» TASK PROMPT
Starting with the line that contains "Imagen de aseo" and stopping after the line that contains "1732 Goldfinch Perch Lane Property Photo 27", copy the entries below exactly. Include nothing else.

[Records drawn from a dataset]
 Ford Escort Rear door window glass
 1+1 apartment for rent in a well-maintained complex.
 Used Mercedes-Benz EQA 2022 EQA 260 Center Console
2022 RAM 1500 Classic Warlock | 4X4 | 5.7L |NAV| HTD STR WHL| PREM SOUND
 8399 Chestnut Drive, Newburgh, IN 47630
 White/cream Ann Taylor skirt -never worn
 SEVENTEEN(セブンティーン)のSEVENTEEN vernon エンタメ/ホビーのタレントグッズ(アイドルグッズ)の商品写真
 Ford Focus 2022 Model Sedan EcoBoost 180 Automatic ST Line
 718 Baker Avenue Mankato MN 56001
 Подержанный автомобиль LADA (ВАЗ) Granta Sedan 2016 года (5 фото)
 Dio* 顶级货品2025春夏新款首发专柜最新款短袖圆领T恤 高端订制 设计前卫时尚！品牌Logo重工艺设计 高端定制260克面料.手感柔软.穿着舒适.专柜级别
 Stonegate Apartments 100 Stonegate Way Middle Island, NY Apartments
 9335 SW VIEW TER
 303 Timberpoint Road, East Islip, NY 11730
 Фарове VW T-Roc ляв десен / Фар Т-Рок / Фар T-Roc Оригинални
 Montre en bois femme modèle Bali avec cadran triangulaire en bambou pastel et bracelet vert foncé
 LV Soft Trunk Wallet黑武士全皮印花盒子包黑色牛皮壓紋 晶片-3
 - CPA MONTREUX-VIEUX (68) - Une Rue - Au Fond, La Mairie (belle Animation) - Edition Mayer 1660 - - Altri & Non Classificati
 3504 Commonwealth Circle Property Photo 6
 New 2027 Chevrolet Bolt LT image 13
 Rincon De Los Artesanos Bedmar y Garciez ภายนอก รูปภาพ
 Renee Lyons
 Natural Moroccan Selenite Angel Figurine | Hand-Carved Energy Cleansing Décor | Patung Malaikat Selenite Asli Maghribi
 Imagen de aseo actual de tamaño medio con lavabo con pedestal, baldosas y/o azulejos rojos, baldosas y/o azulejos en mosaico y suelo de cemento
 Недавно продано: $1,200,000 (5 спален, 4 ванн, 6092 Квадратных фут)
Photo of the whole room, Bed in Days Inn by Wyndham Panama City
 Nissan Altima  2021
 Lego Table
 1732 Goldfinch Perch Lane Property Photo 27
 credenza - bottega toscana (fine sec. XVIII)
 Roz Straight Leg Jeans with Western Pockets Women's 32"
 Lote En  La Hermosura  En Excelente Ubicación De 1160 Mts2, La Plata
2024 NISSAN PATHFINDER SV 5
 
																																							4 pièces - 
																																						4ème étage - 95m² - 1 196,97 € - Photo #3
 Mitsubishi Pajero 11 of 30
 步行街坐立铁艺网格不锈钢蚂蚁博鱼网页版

» ANSWER TO THIS EXERCISE
 Imagen de aseo actual de tamaño medio con lavabo con pedestal, baldosas y/o azulejos rojos, baldosas y/o azulejos en mosaico y suelo de cemento
 Недавно продано: $1,200,000 (5 спален, 4 ванн, 6092 Квадратных фут)
Photo of the whole room, Bed in Days Inn by Wyndham Panama City
 Nissan Altima  2021
 Lego Table
 1732 Goldfinch Perch Lane Property Photo 27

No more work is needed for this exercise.